> [Data excerpts]:
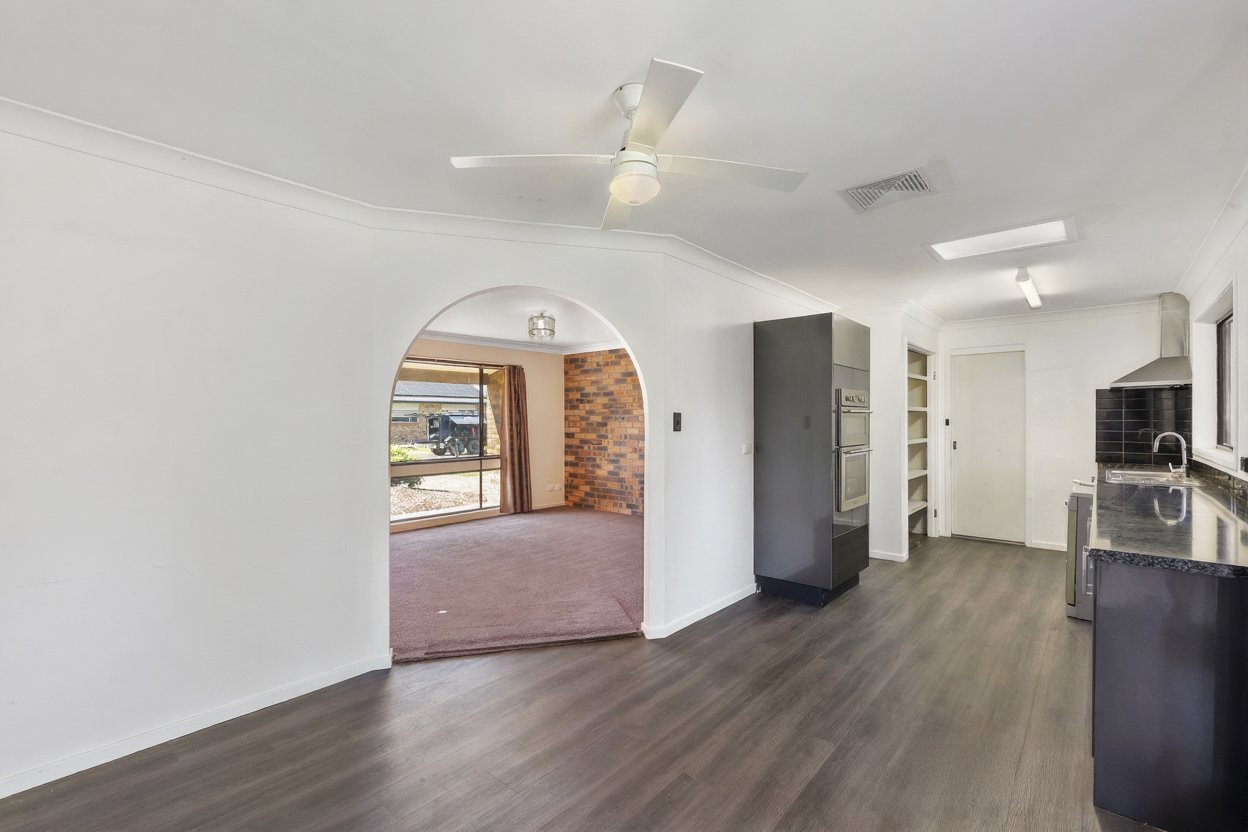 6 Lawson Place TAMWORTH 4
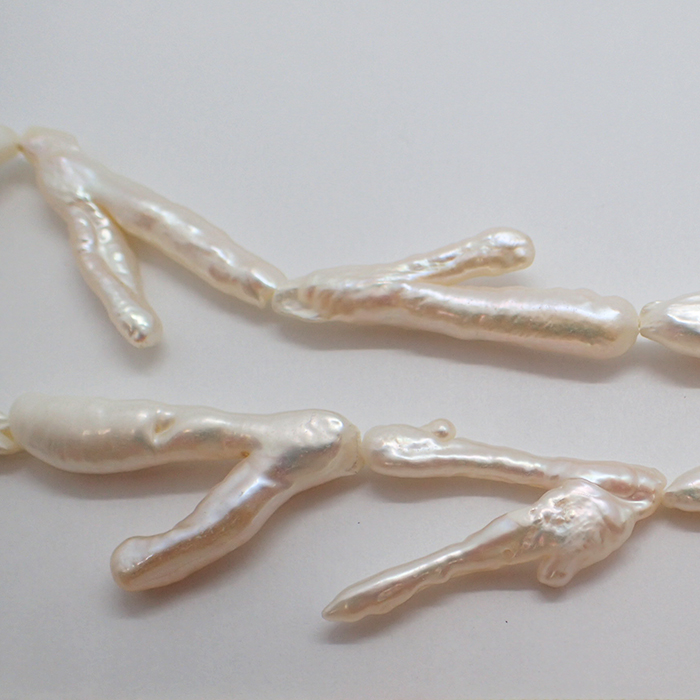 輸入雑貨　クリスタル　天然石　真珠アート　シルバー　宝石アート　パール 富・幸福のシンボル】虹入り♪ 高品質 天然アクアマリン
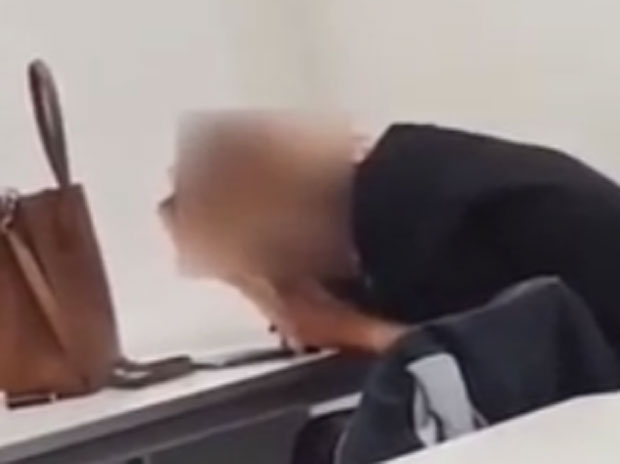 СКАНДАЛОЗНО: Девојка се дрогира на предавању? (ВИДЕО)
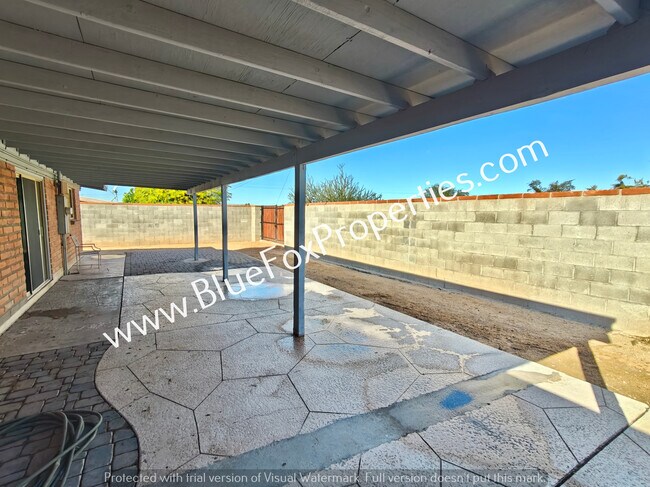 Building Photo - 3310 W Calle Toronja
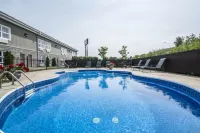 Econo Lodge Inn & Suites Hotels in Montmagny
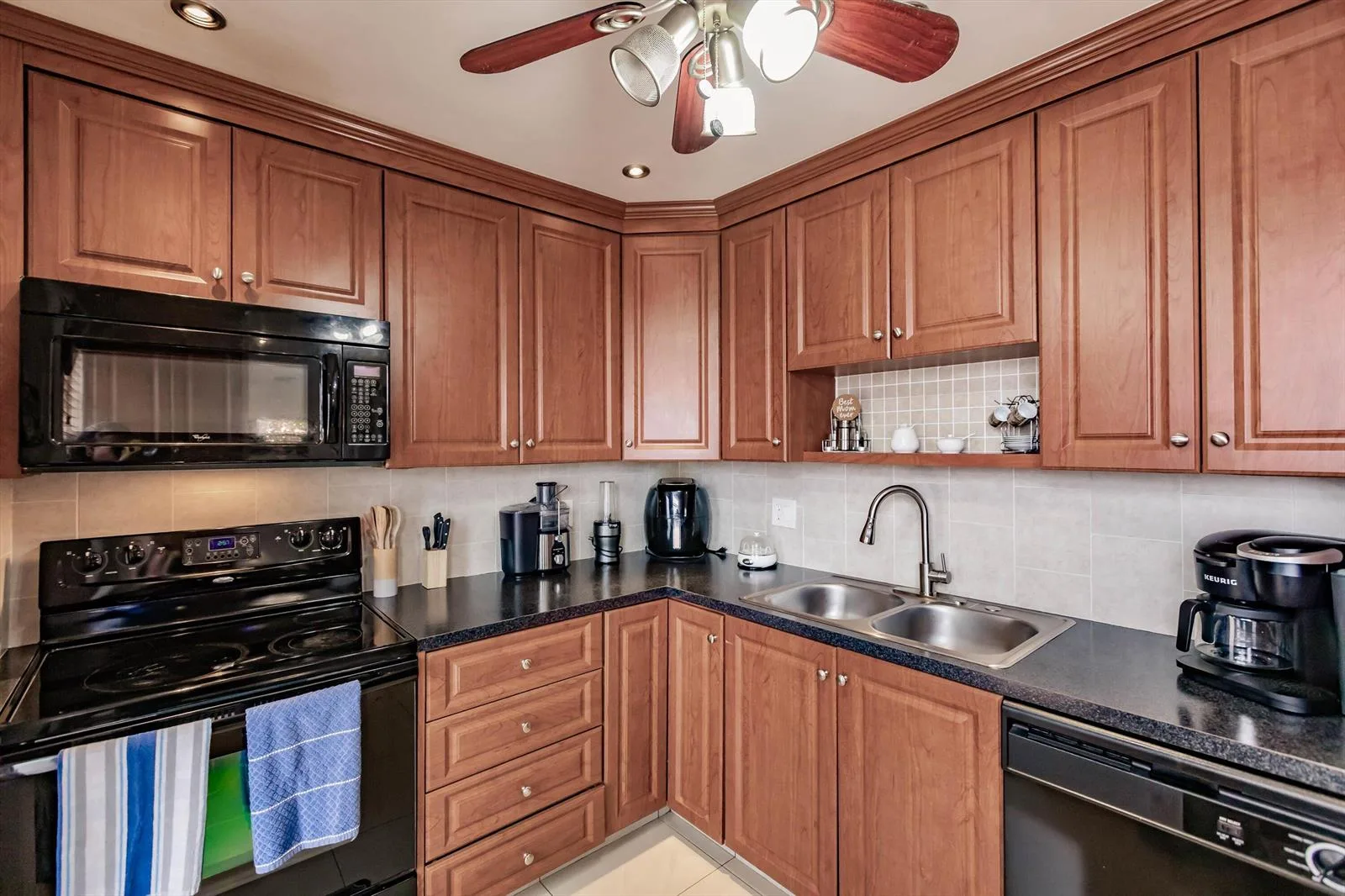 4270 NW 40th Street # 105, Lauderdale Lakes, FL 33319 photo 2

---

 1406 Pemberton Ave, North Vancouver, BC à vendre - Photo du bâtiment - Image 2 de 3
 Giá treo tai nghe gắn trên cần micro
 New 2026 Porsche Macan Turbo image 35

==

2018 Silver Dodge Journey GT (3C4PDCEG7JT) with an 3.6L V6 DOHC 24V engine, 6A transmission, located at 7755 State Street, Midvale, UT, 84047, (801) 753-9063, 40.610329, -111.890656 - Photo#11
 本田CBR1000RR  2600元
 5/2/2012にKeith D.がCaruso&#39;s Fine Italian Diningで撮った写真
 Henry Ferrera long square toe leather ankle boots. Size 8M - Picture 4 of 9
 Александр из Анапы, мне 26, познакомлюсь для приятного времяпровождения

> [Your goal]:
Please transcribe only the lines in the records above running from the line that has "2018 Silver Dodge" through the line that has "Александр из Анапы, мне", both included, exactly as they appear.

> [Exercise solution]:
2018 Silver Dodge Journey GT (3C4PDCEG7JT) with an 3.6L V6 DOHC 24V engine, 6A transmission, located at 7755 State Street, Midvale, UT, 84047, (801) 753-9063, 40.610329, -111.890656 - Photo#11
 本田CBR1000RR  2600元
 5/2/2012にKeith D.がCaruso&#39;s Fine Italian Diningで撮った写真
 Henry Ferrera long square toe leather ankle boots. Size 8M - Picture 4 of 9
 Александр из Анапы, мне 26, познакомлюсь для приятного времяпровождения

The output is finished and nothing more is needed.